By Brandi Demers, The Houston Sun
Over the past weeks we have seen this nation rise up in outrage over the murder of George Floyd and countless others at the hands of law enforcement. From peaceful protests to destructive riots the people have done what they could to ensure that their voices will not go unheard this time.
In the wake of all of this turmoil, we see our leaders enact changes from proposing new legislation to taking down racist symbols from government buildings, in an effort to quell the unrest. With all that’s unfolding across the globe one has to ask, has the time finally come for America to acknowledge its wrongs against its black citizens and enact policies to dismantle the system of white supremacy?
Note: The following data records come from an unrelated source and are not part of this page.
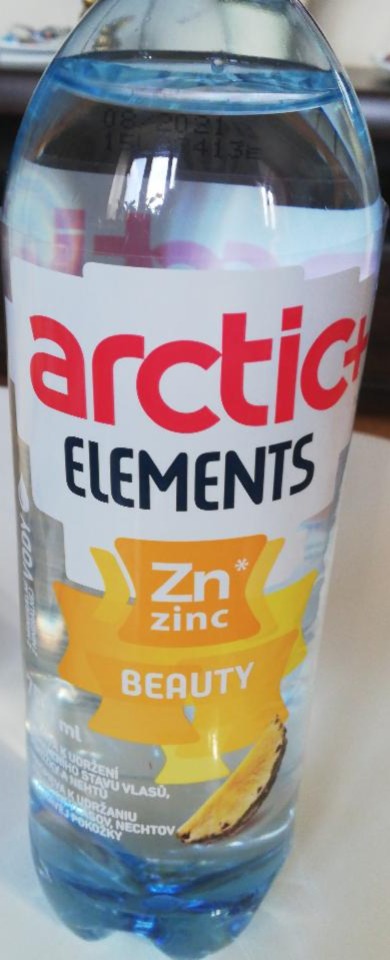 Фото - Arctic+ Elements Zn Beauty s příchutí ananas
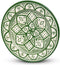 Safaary - Bord Groen Nakhil Ø 26 x 4cm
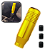 Manopla Câmbio Esportiva Metal Amarelo Universal Ajustável - Imagem 3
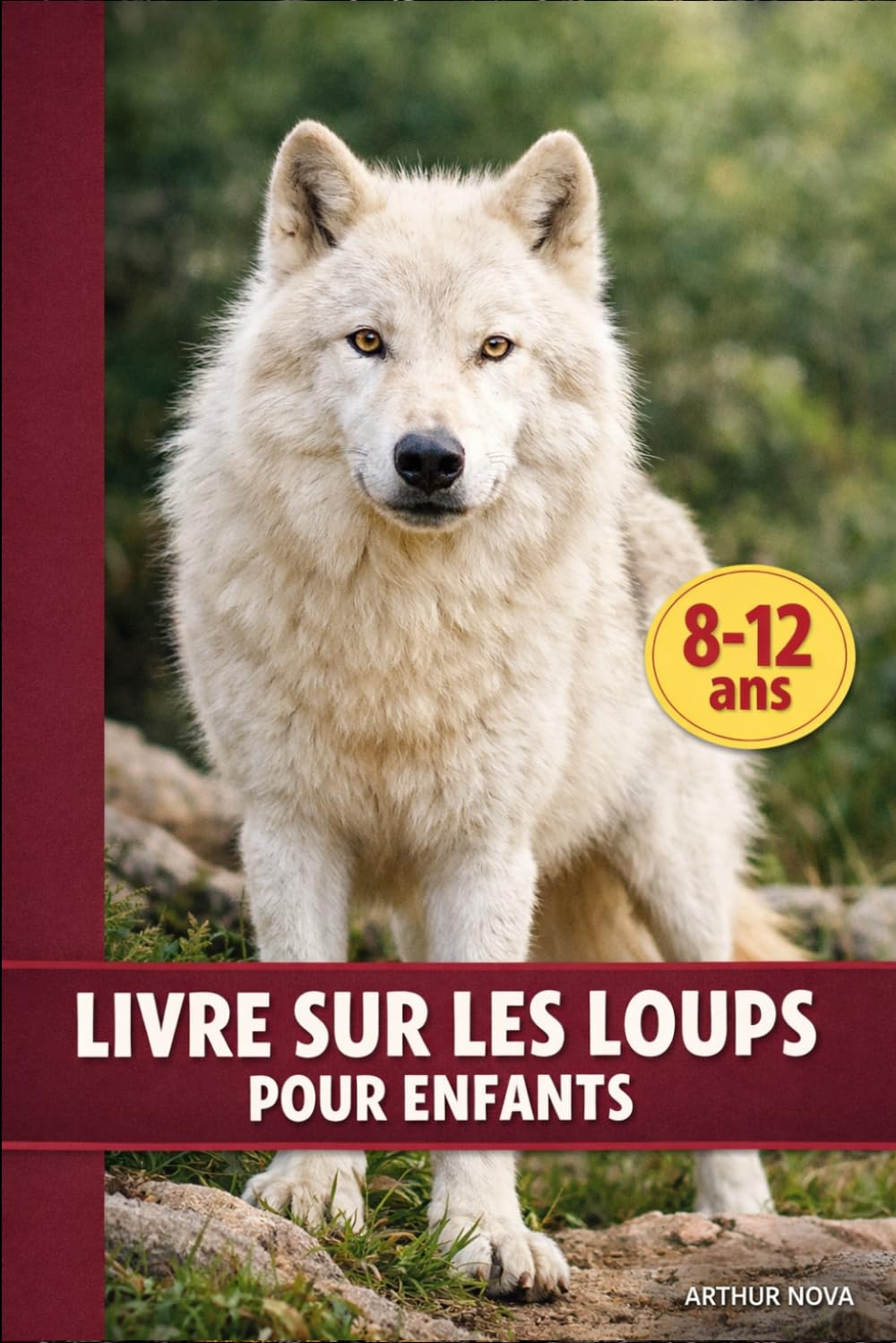 LIVRE SUR LES LOUPS POUR ENFANTS: Le monde fascinant des loups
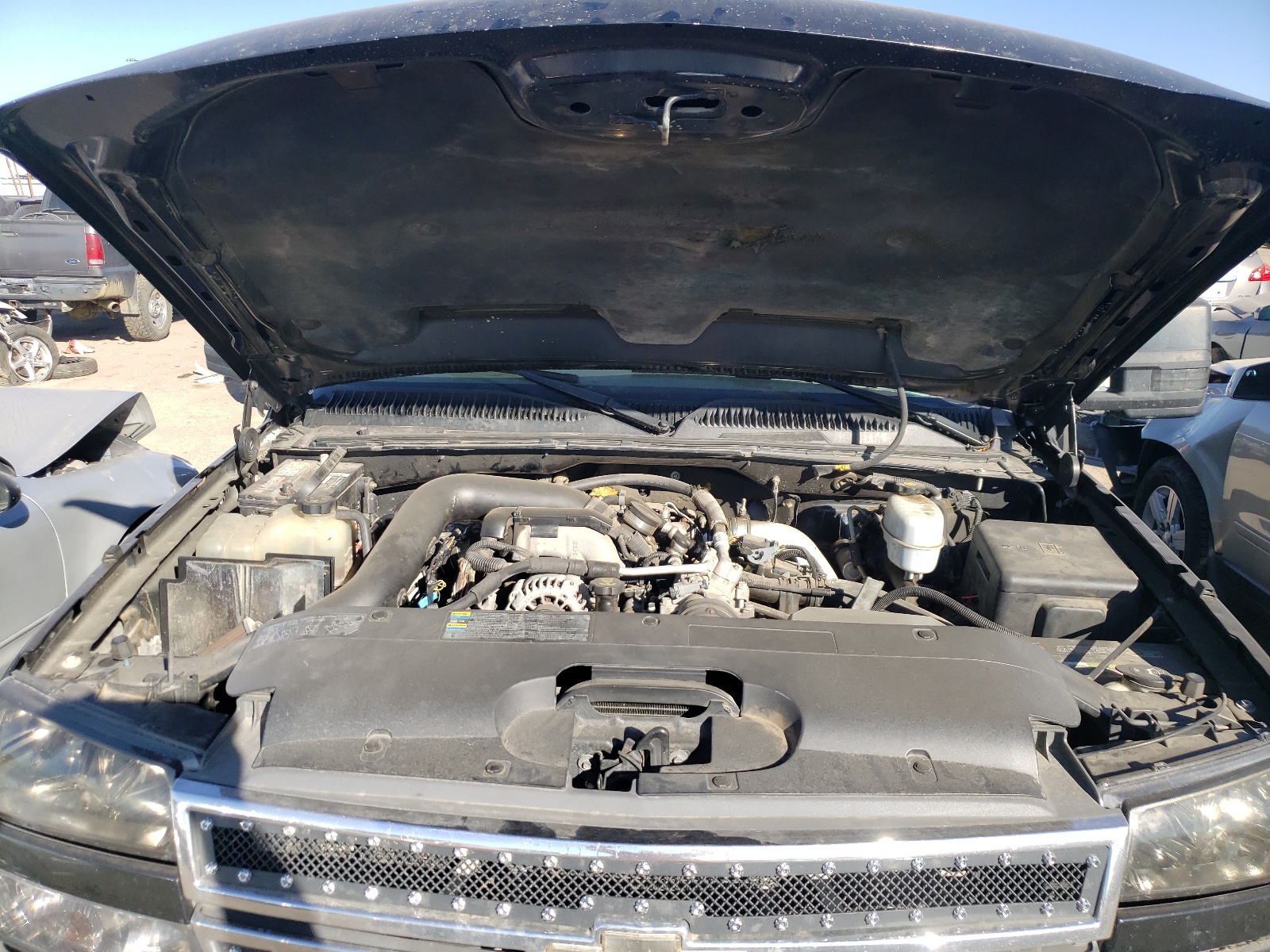 Zdjęcie 7 z aukcji – 2005 CHEVROLET SILVERADO z VIN 1GCHK23255F915839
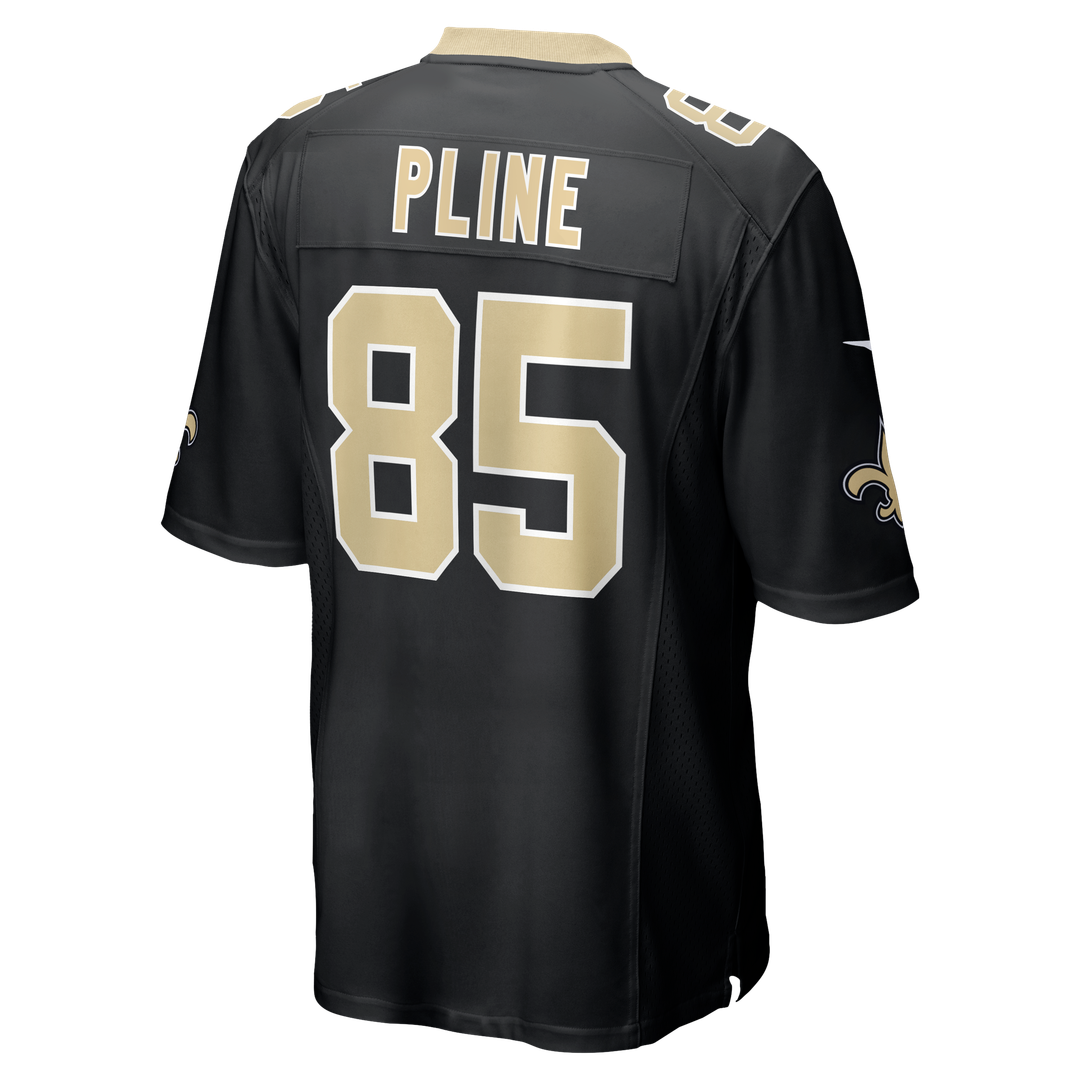 Mason Pline New Orleans Saints Team Game Jersey - Black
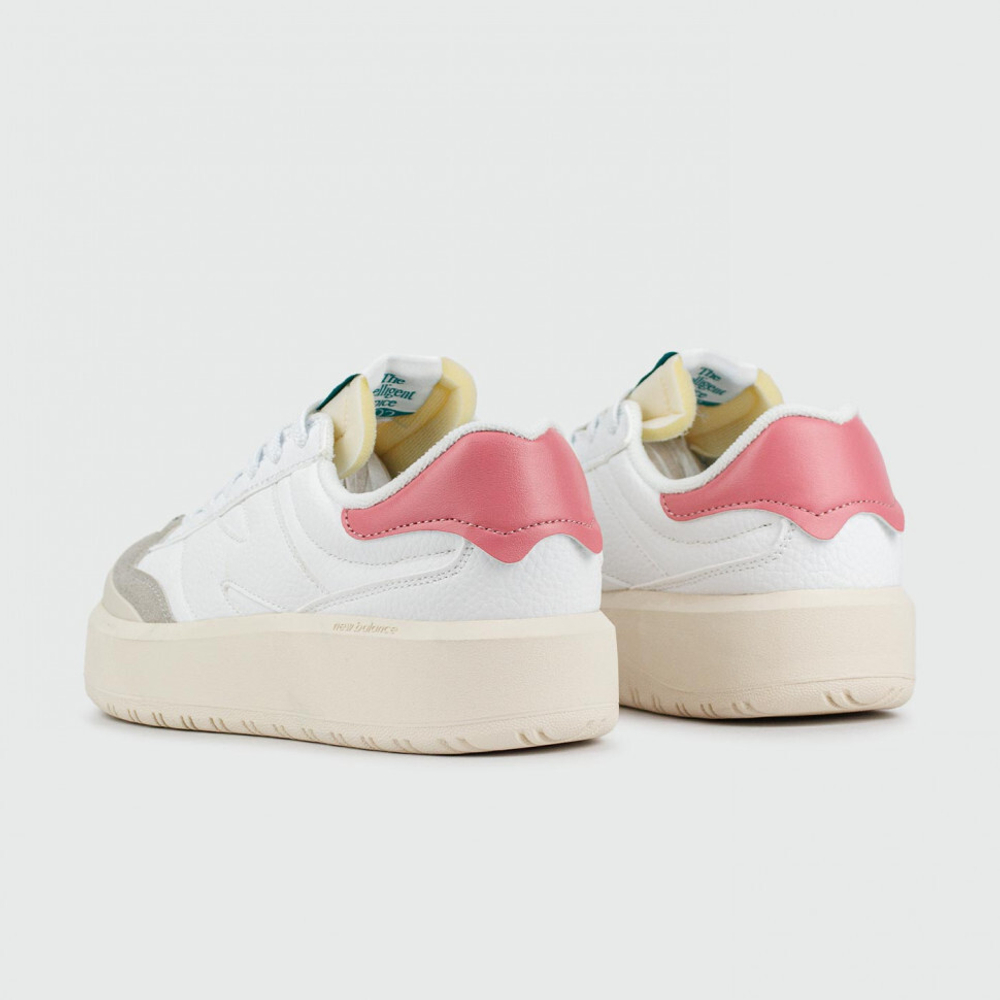 кроссовки New Balance CT302 White / Pink Wmns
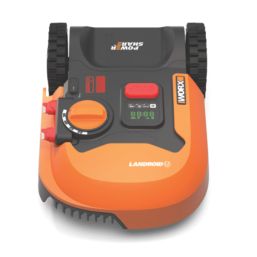 Worx 20V 2.0Ah Li-Ion PowerShare Brushless Cordless 18cm WR141E Landroid M500 Robotic Lawn Mower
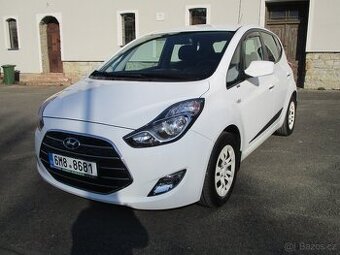 HYUNDAI iX 20 - 1.6 i - 1.majitel, jen 48000 km
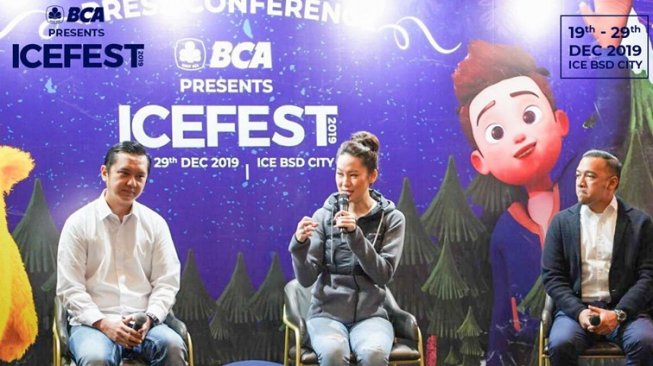 The Biggest Family Expo & Festival Icefest 2019, yang akan diselenggarakan selama 11 hari, yaitu 19 - 29 Desember 2019 di Ice BSD City, Tangerang. (Dok : media partner)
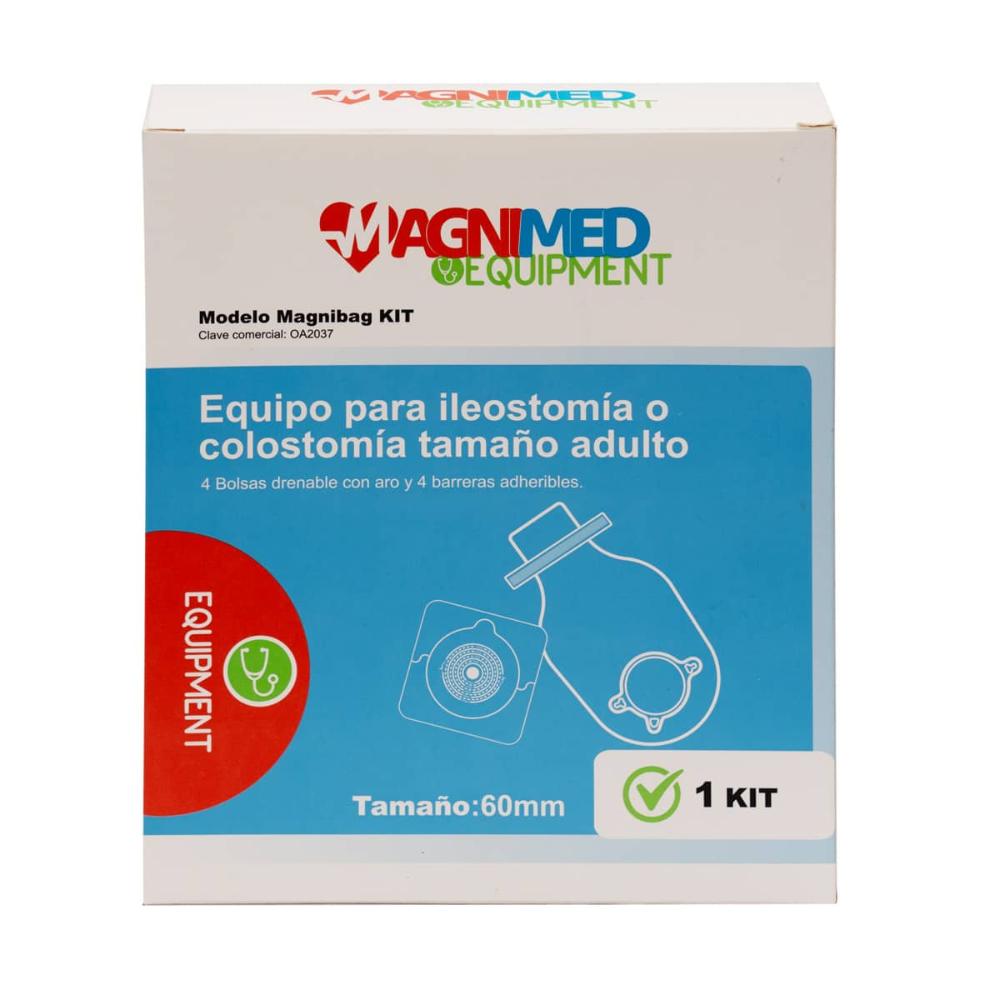 BOLSA COLOSTOMIA ADULTO EQUIPO MAGNIMED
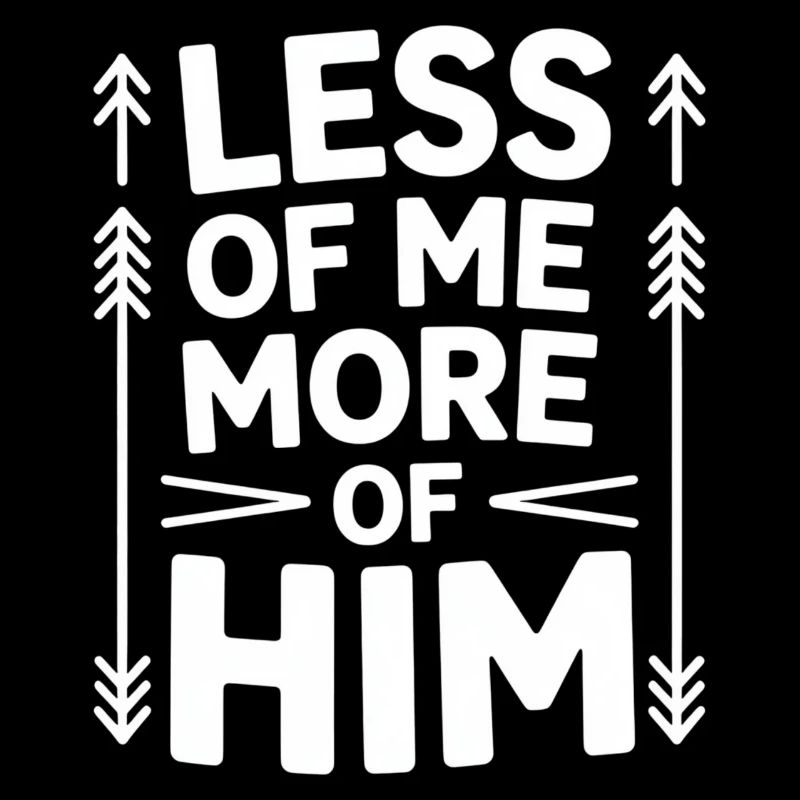 Moins de moi, plus de lui foi chrétienne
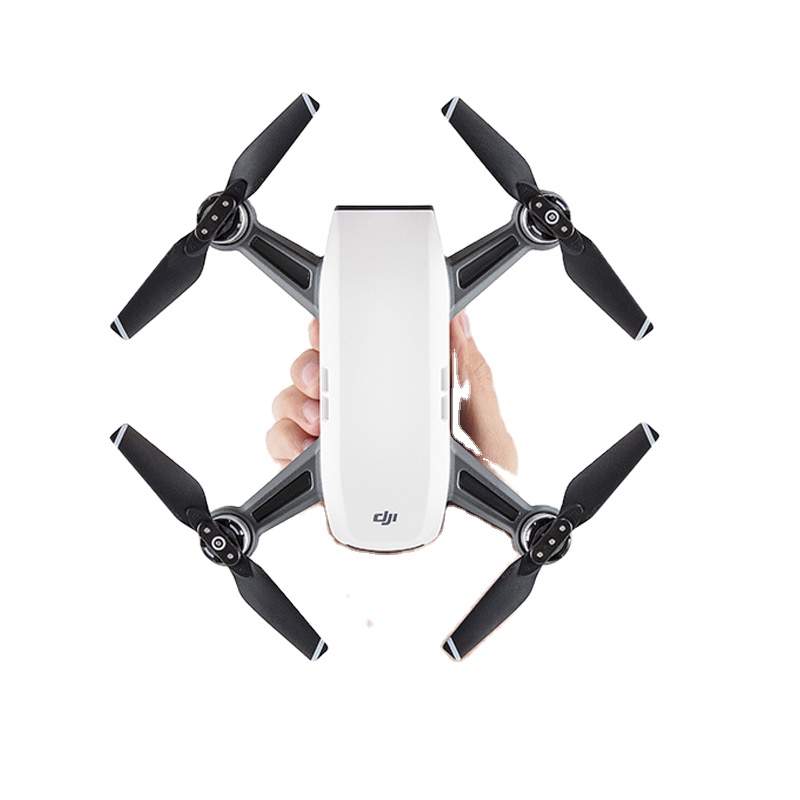 Spark drone fly более комбо с 4 k камера HD камера gps контроллер комбо (альпийский белый)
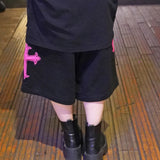 【GALFY×GALLIS ADDICTION】別注十字架わんわんハーフパンツ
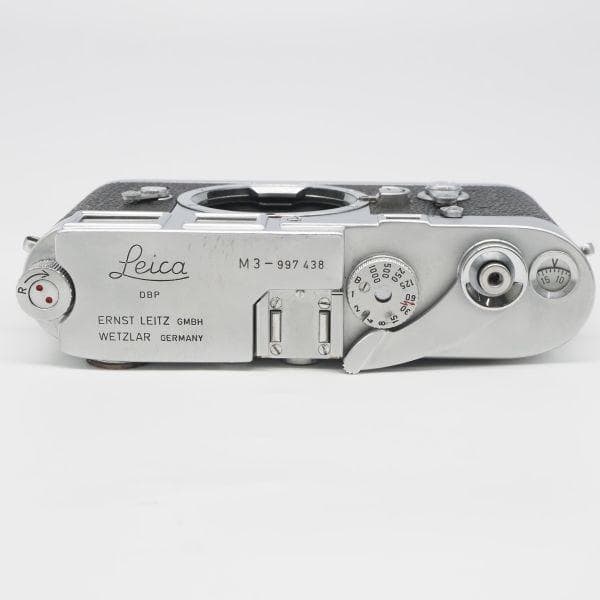 Leica M3 シングルストローク ボディ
If the history of this country teaches us as black citizens anything it is to doubt. To doubt the intentions of politicians, to doubt social and public services, to doubt healthcare providers, but most of all law enforcement. When the system around you was not designed to work for you, your presence becomes a crime. Black people have been fighting for decriminalization for so long. Why now?
Testifying before the house judiciary committee in a Wednesday morning hearing for a police reform bill, Sherrilyn Ifill, DirectorCounsel of the NAACP Legal Defense and Education Fund, spoke about how the nation has had reforms to address many other injustices against African Americans including the Civil Rights Act of 1964, the Voting Rights Act of 1965, and the Fair Housing Act of 1968. Yet there has been no legislation passed to protect black communities from the brutality they experience at the hands of police.
At George Floyd’s funeral Tuesday morning, Al Sharpton gave a passionate sermon where he addressed the importance of the impact Floyd’s death has had on the world.
“If you’d have had any idea that all of us would react, you’d have took your knee off his neck” Sharpton said addressing Derek Chauvin, the officer charged with Floyd’s death.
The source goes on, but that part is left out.